The basic methodological concepts draw on studies in Conversation Analysis, or CA (Sacks, Schsegloff, Zemskaia), Transactional Discourse Model (Yokoyama), Cultural Scripts and Routines/Styles (Wierzbicka, Pesman, Gumperz), and Non-verbal Communication (Heritage, Kreidlin, McNeill). The framework will allow us to address interdependence between discourse settings, social roles of the participants and linguistic variations in formal/informal modes of natural conversations in institutional settings.
(following the UW rules on human subjects)
(1) Audio and video recordings of Institutional Interactions (following a large body of research in CA). (2) Investigation of "backchannel responses," ranging from non-verbal (e.g. head nods and postural shifts) to verbal. They betray hesitations, rapport-building strategies, shifts in perception of one another's identity and more. This is a rich site for investigation of "cultural scripts." (3) Follow-up individual interviews with the participants and interpreters.

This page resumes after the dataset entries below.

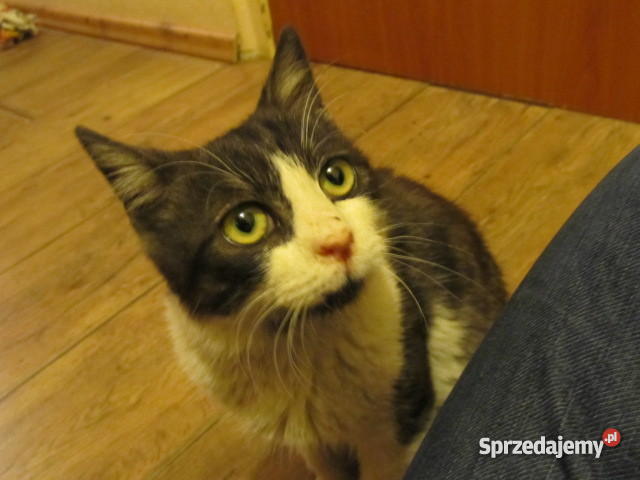 ŁOWCA MYSZ ZADBA O TWÓJ DOM Rybnik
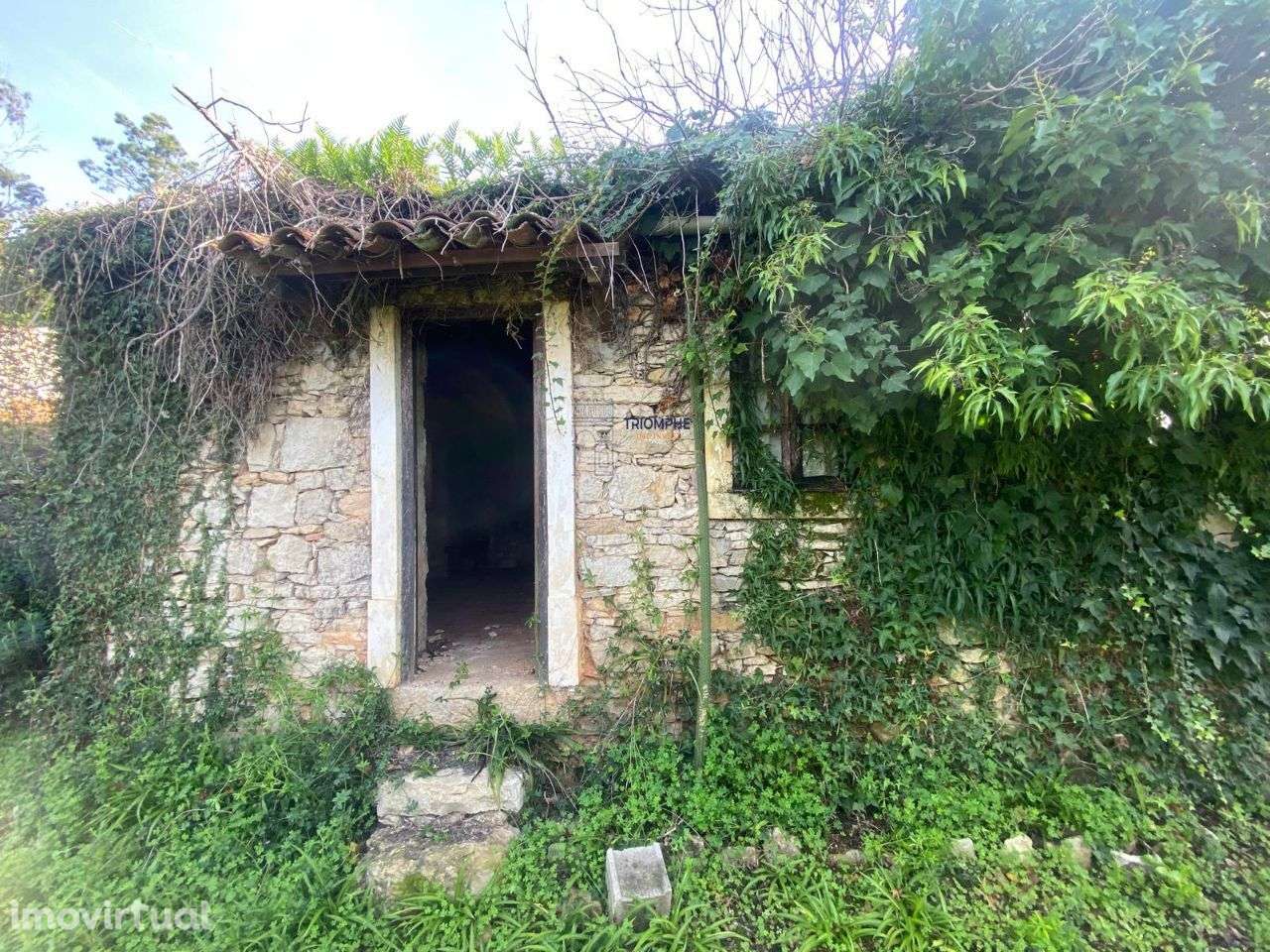 Casa Rústica Srº do Monte Leiria - Grande imagem: 3/21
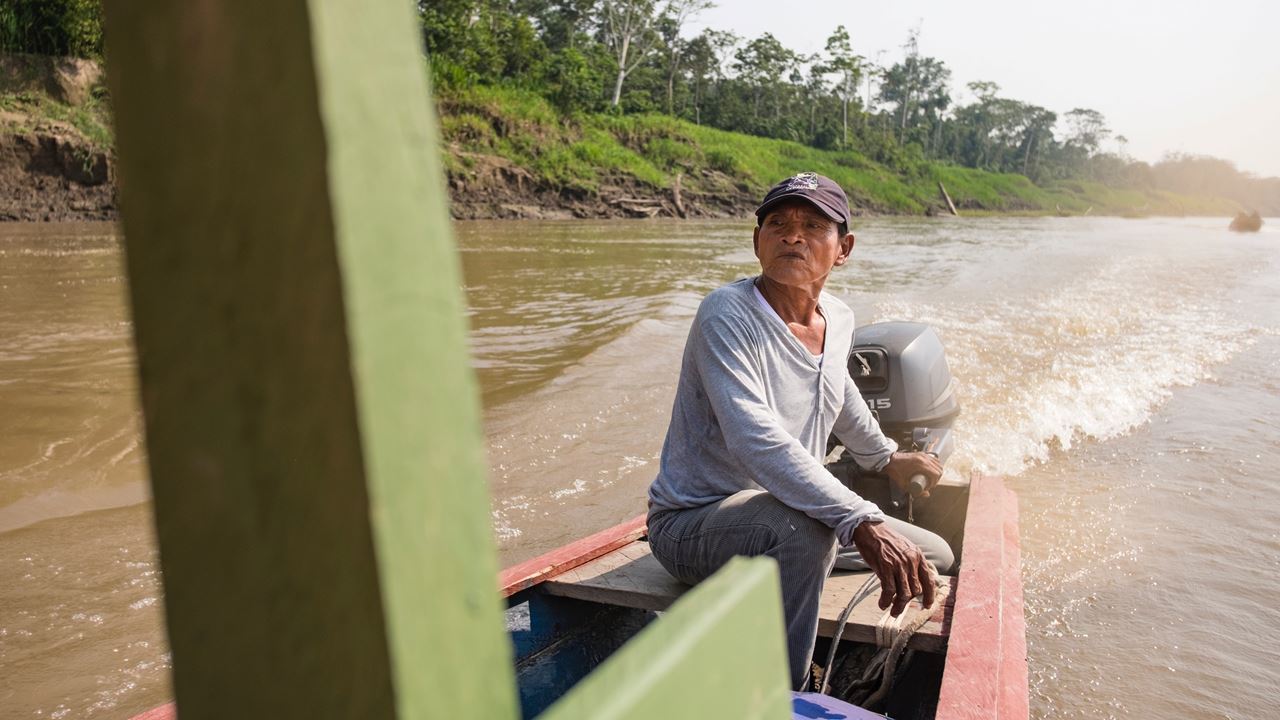 Flüsse Des Amazonas foto 4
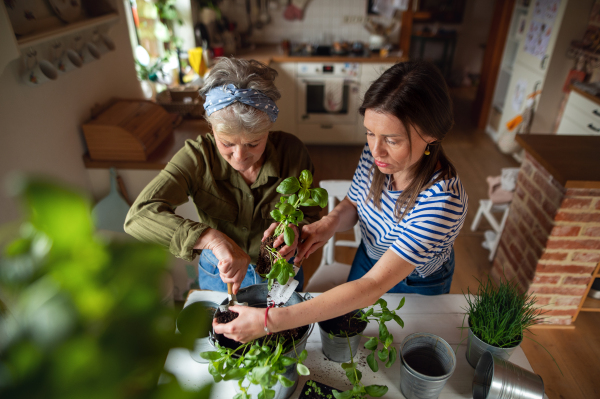 High angle view of a senior mother with adult daughter indoors at home, planting herbs.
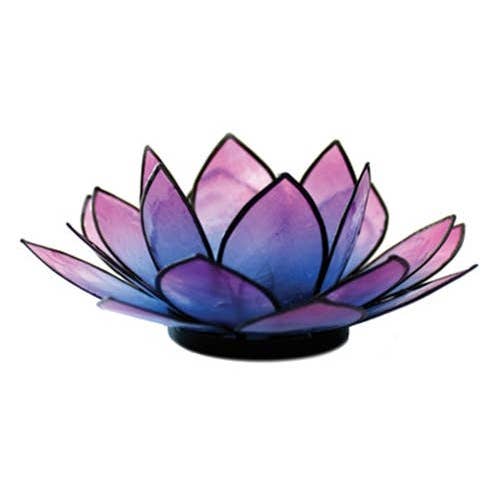 Lotus Tlight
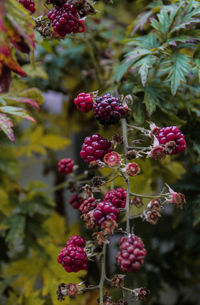 Close-up of berries growing on plant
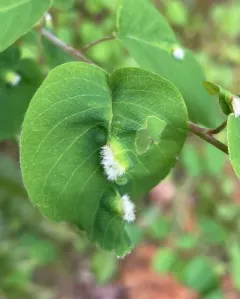 Blaesodiplosis canadensis thumbnail 1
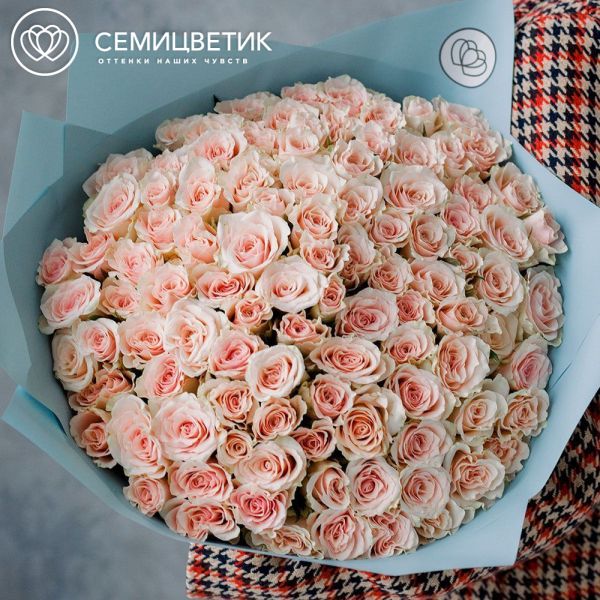 Букет из 101 нежно-розовой розы 40 см (Кения) в голубой пленке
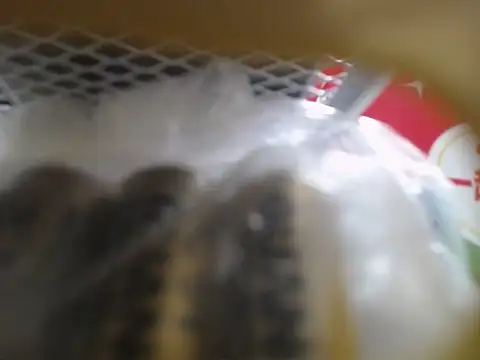 Lovensetest online show from October 10, 2025, 3:05 am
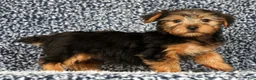 Yorkshire Terrier dogs for sale: AJ - Ad 1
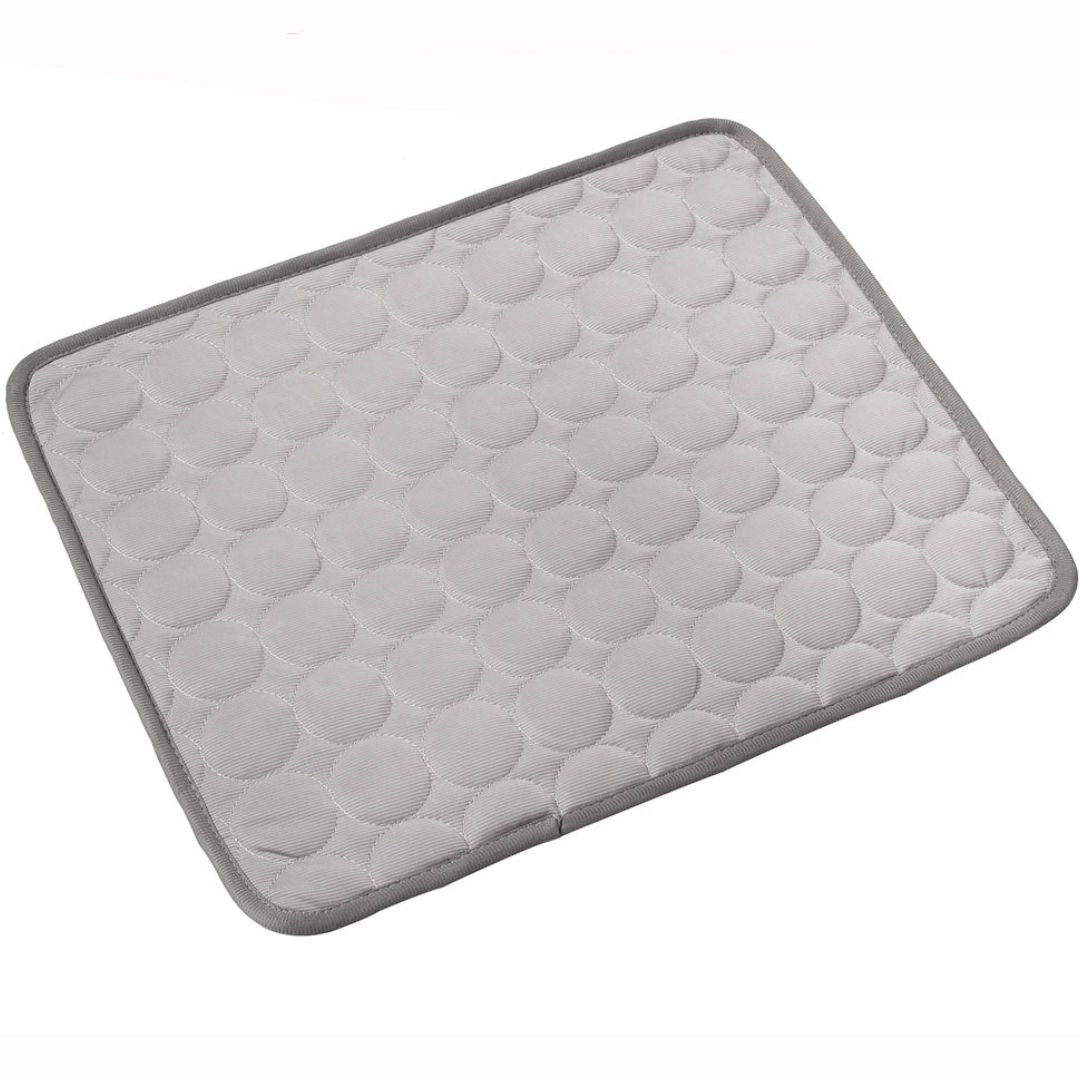 🥳2026 HOT SALE🥳💞50K+ SOLD!🧊🐾 50% OFF! Pet Cooling Ice Silk Mat – Instant chill, no water or electricity. Breathable, washable & lightweight. Keep your dog cool all summer! ☀️💙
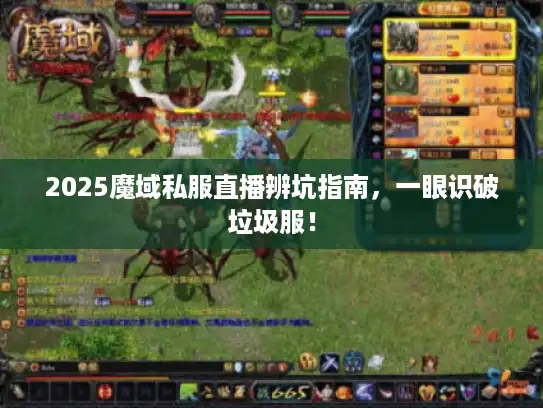 2025魔域私服直播辨坑指南，一眼识破垃圾服！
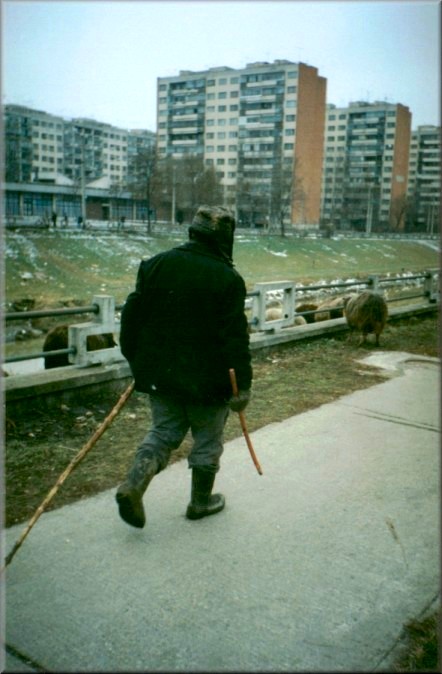 Iasi, Romania: Shepard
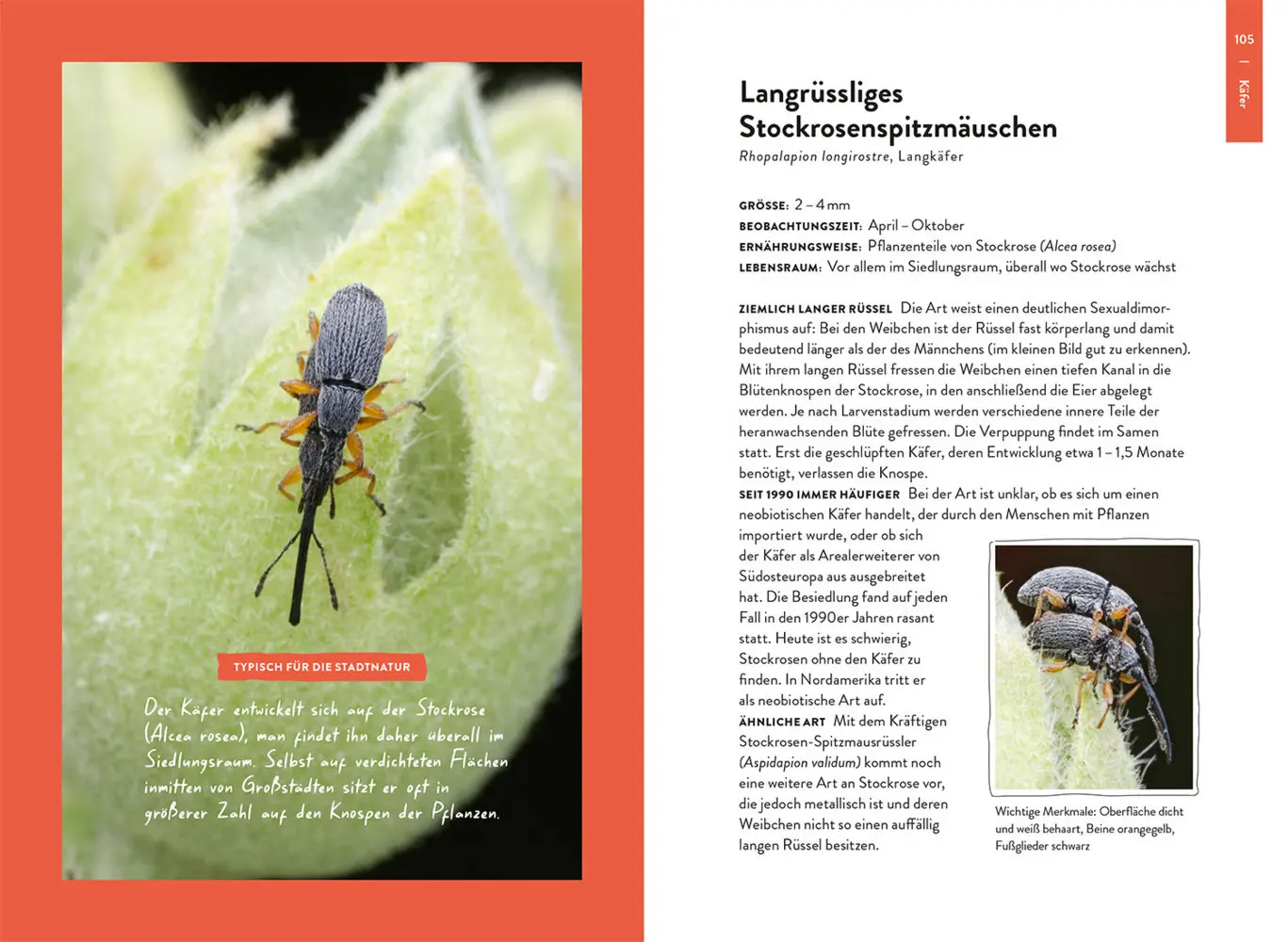 Bild: 9783440180150 | Nature Guide Insekten | Thomas Hörren | Taschenbuch | 160 S. | Deutsch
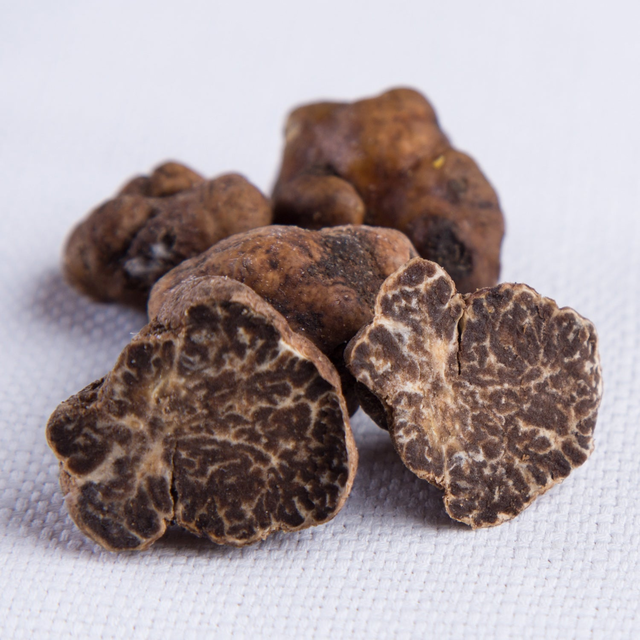 HAZELNUT TRUFFLE TREE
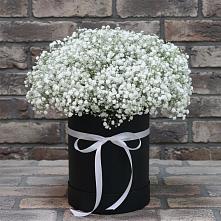 Цветочная композиция из Гипсофила в шляпной коробке в Вилючинске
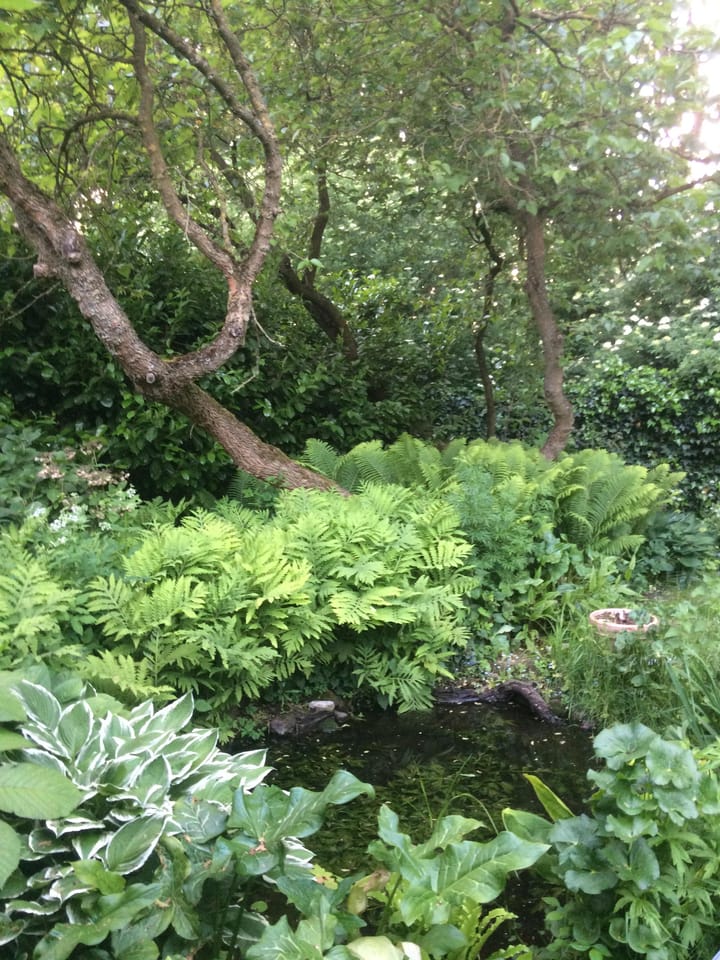 Foto 48 van Kerkstraat 8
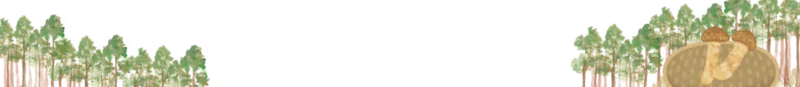 松茸 松林 背景透過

Students will be brought in contact with local educators in the students' respected fields, to outline the area of inquiry and meet with people and agencies outside the university. A portion of topics and programs to be developed and delivered will be generated within a partnership model between the UW faculty and students and the Russia-based educational partners. The students will be able to inquire into topics of interest while collecting the data on the communicative practices of the Russians. Working with interpreters, the students will be looking for differences in situational expectations ("cultural scripts"), non-verbal signals (posture, proximity, direction of gaze, turn-taking routines and facial expressions) and the communicative effects they produce. Cultural analysis guided by UW faculty will deal with rich double-lens data: what is said in Russian, how it is translated into English by the Russian interpreters, and how it is understood by the students. Students from both groups will exchange data and use them for written reports.
For students with at least two years of college Russian the project offers a unique opportunity to study Russian as a foreign language while engaging in research in the area of communication. Along with traditional language instruction classes, a seminar in socio-cultural aspects of Russian will be offered, with an overview of structures expressing attitude, emotions and point of view at all levels of language, from phonetics and morphology to intonation and syntax. The seminar will also provide direction for special projects and assign field-work for exploring institutional interactions that will result in weekly oral reports and the written term-paper (in Russian). The major sites for field will be educational institutions of Sochi, from pre-schools to universities. Students will observe teacher-student interactions, school "protocols" and use of Russian not mentioned in textbooks.
: Aug. 24- Sept. 12. Prior to the trip, there will be 3 days of orientation that will equip the students with a general outline of the history and culture of the region and the research methods in conversation analysis and institutional face-to-face interaction.